Fat Cats – Island Lake Lodge

Island Lake Lodge’s culinary rep and posh digs are matched only by its skiing. 

by Ian Merringer in the December 2014 issue  *  Photos: Henry Georgi

Island1 600

Basketball has never interested me. I grant the athleticism involved, and if I were more informed, I might appreciate the technical aspects of strategy and positioning. But mostly I leave the sound of squeaky sneakers on hardwood floors to people like John to enjoy.

The dying days of March found John far from his Kentucky home, watching a college basketball game on a tiny television set in B.C.’s Lizard Range. Bear Lodge on the shores of Island Lake is nothing like a sports bar, but it was the best John could do, being a 20-minute snowcat ride from the nearest road. I had just met John, but I knew two things about him. He loved bourbon and really loved his University of Kentucky Wildcats. More, he had made it clear that if his men in blue could just drain enough baskets to put them in the final four of March Madness, there would be lots of draining of bourbon glasses by all around.

Pulling for a Wildcat victory was a good bonding experience for our group of 12. We had congregated from smaller units earlier that afternoon at Island Lake Lodge’s parking lot near Fernie. We had come from Kentucky, Massachusetts, Ontario and Alberta to get on one of their last cat-skiing tours of the year.

Throwing a group of 12 people, most of whom have never met each other, into a space as small as the back of a snowcat generates instant social tedium. Naturally, the talk turned to conditions. The precipitation hitting the half-melted parking lot could only be called rain. But a guide who had come down on the outgoing cat had promised fresh snow above. Great stuff, he said, like cream cheese.

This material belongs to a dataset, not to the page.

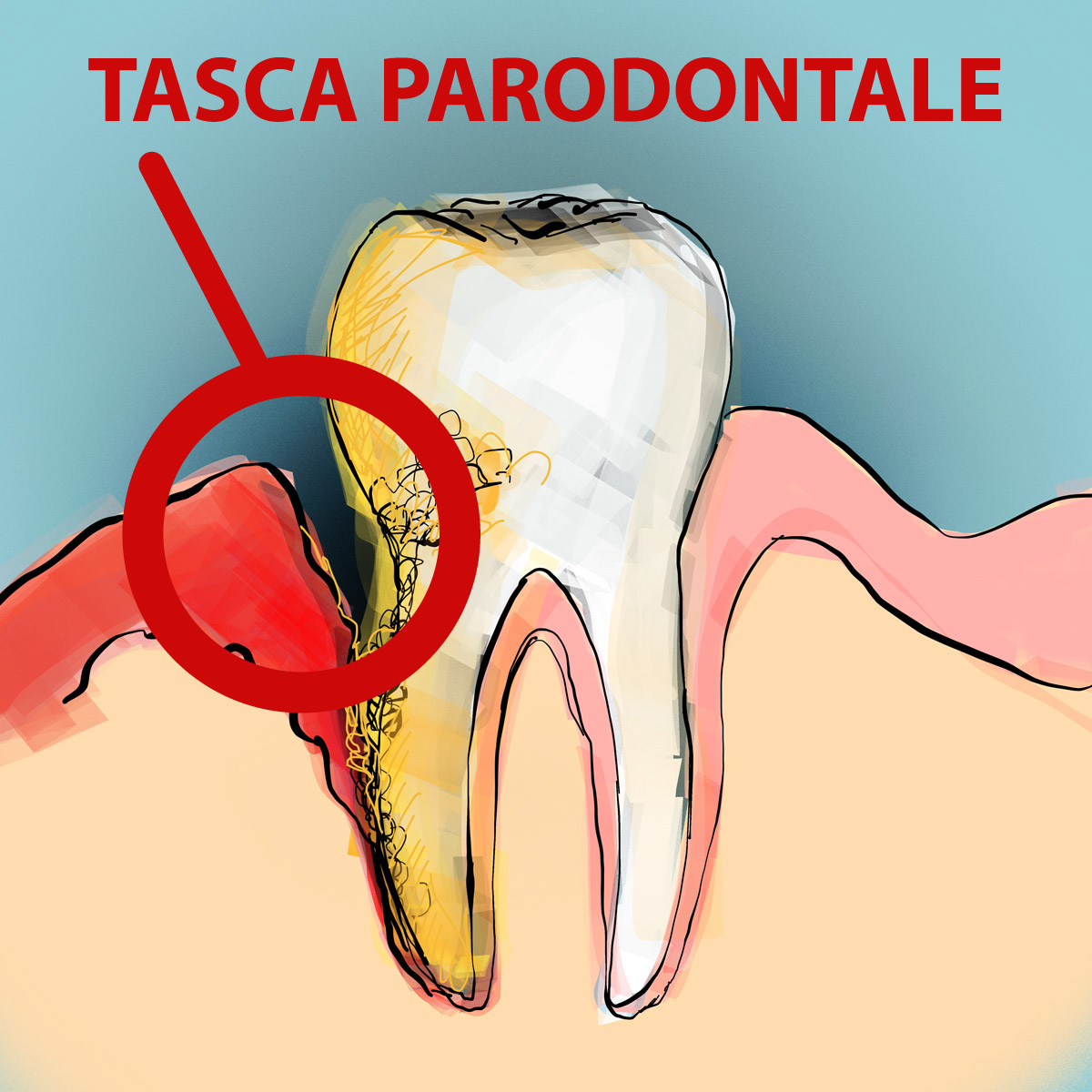 Impianti dentali in centro a Milano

I know of two kinds of cream cheese. One comes as a brick and is good for cheesecakes. I was hoping he had in mind the fluffier style whipped with air by a deli. It wasn’t a classic descriptor of good snow, but he seemed enthusiastic.

The drops had turned to wet flakes by the time the cat’s tracks stilled outside Island Lake’s main Tamarack Lodge, one of four spacious log cabins. A cheeky No Vacancy sign was etched permanently in wood. Two-thirds of the spots each year are taken by returning clients, who have a 30-day priority booking period for the next year when their tour finishes. You don’t show up here hoping for an empty room.

After not getting a key—no locked doors in this woody retreat—I stored my bags in the room, stuck around just long enough to warm my feet on the heated cedar floor and trudged over clumped cat tracks to the basement bar in adjacent Bear Lodge to saddle up beside my new friend John.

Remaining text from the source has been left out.